▶ **Directions**:
Each line below needs to be returned exactly. Skip any picture.

Segment Start: Information supplied

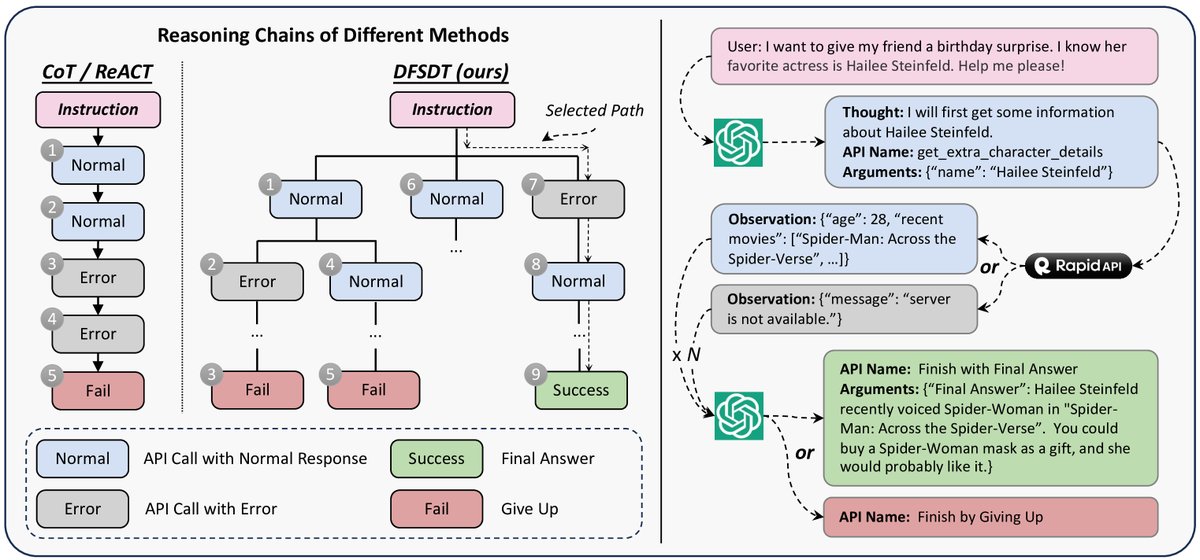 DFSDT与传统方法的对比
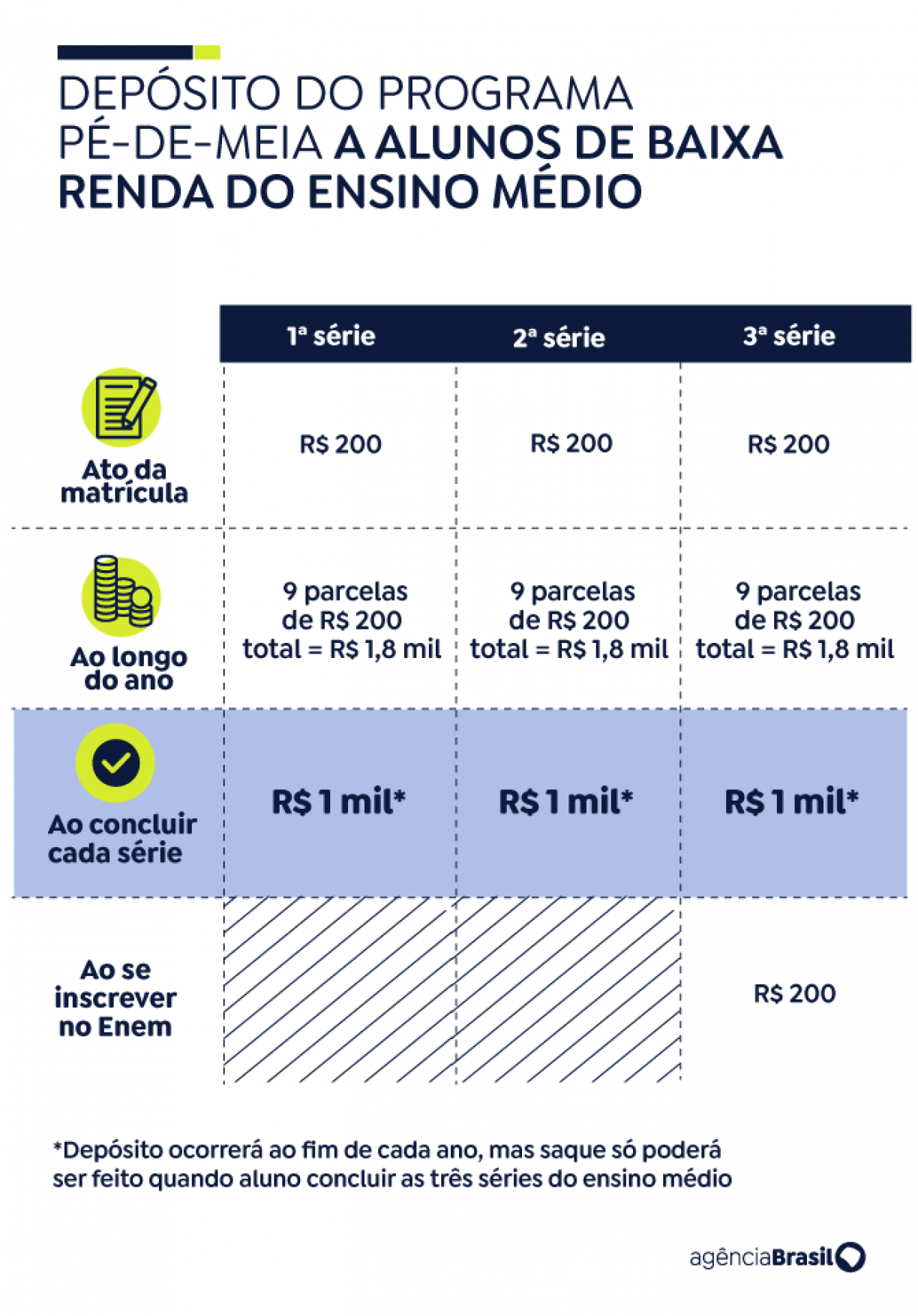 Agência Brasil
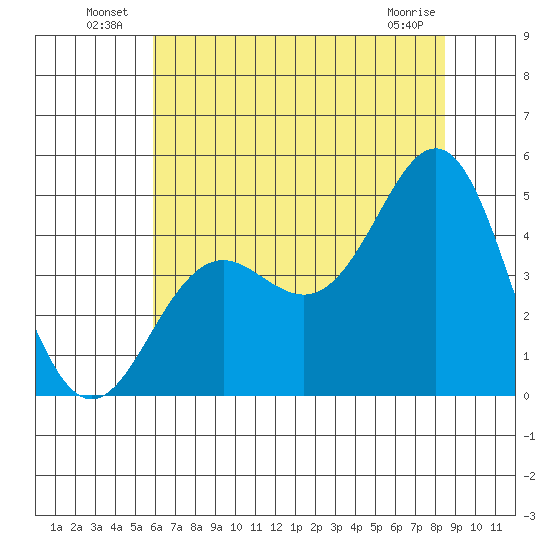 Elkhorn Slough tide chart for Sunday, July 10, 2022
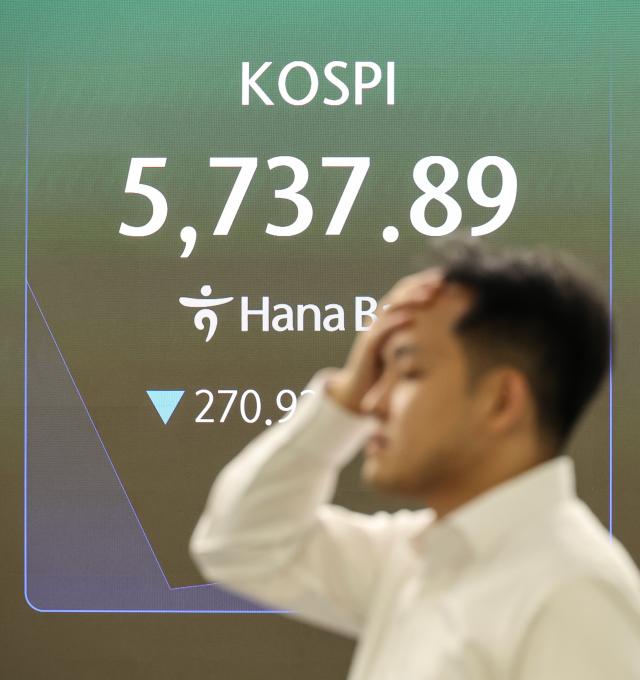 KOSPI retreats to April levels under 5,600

Segment End: Information supplied

▶ **Exercise output**:
 DFSDT与传统方法的对比
 Agência Brasil
 Elkhorn Slough tide chart for Sunday, July 10, 2022
 KOSPI retreats to April levels under 5,600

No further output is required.